Originally, it was "fountain". John Locke (in An Essay Concerning Human Understanding, 1690) referred to God as being "fountain of all knowledge", while the Church of England's Book of Common Prayer calls him "fountain of all wisdom".

But it's by now rarely used in that form - "fount" and, increasingly albeit of dubious etymological soundness, "font" are rather more common.

 
Jenny
455428.  Thu Dec 11, 2008 9:48 pm Reply with quote

A little learning is a dangerous thing;
Drink deep, or taste not the Pierian spring;
There shallow draughts intoxicate the brain,
And drinking largely sobers us again.

According to the OED Pieria is "a district in northern Thessaly, the reputed home of the muses." So Pierian is used as an adjective in reference to poetry and learning.
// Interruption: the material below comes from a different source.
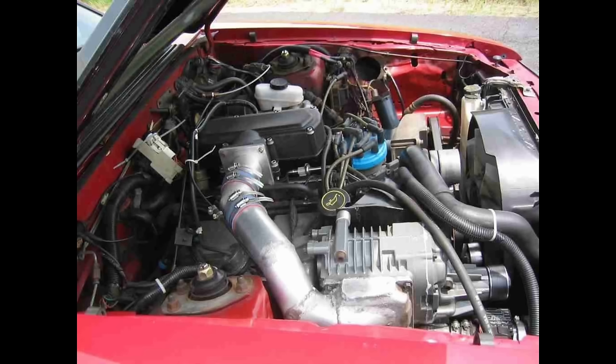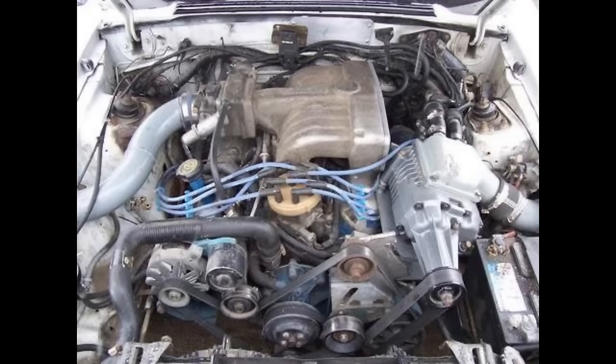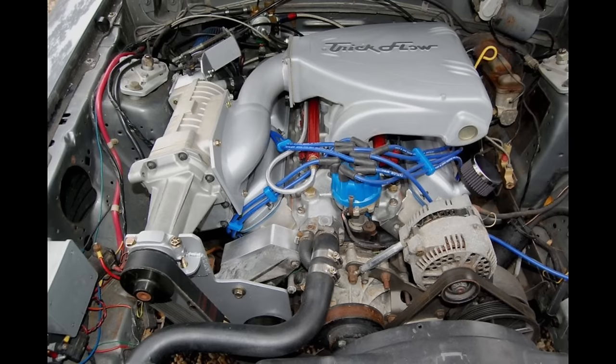You had many variations of the Eaton supercharger on top or on the side of a small block Ford. The downfall of those roots-style superchargers on a small block Ford is: A) the lack of an intercooler system, and B) it's based off about 30-year-old technology. So in comes a new company — Harrop.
I confess I thought it was a fountain...

 
Lukecash
458301.  Tue Dec 16, 2008 3:14 am Reply with quote

suze wrote:
Davini994 wrote:
*Suze is also my fount of knowledge, so hopefully she'll be along to deny or confirm shortly.


Originally, it was "fountain". John Locke (in An Essay Concerning Human Understanding, 1690) referred to God as being "fountain of all knowledge", while the Church of England's Book of Common Prayer calls him "fountain of all wisdom".

But it's by now rarely used in that form - "fount" and, increasingly albeit of dubious etymological soundness, "font" are rather more common.



"Fountain of _____" is actually still very common in the U.S. Font labels the different styles of letters used in typesetting. (Yay for my profession!)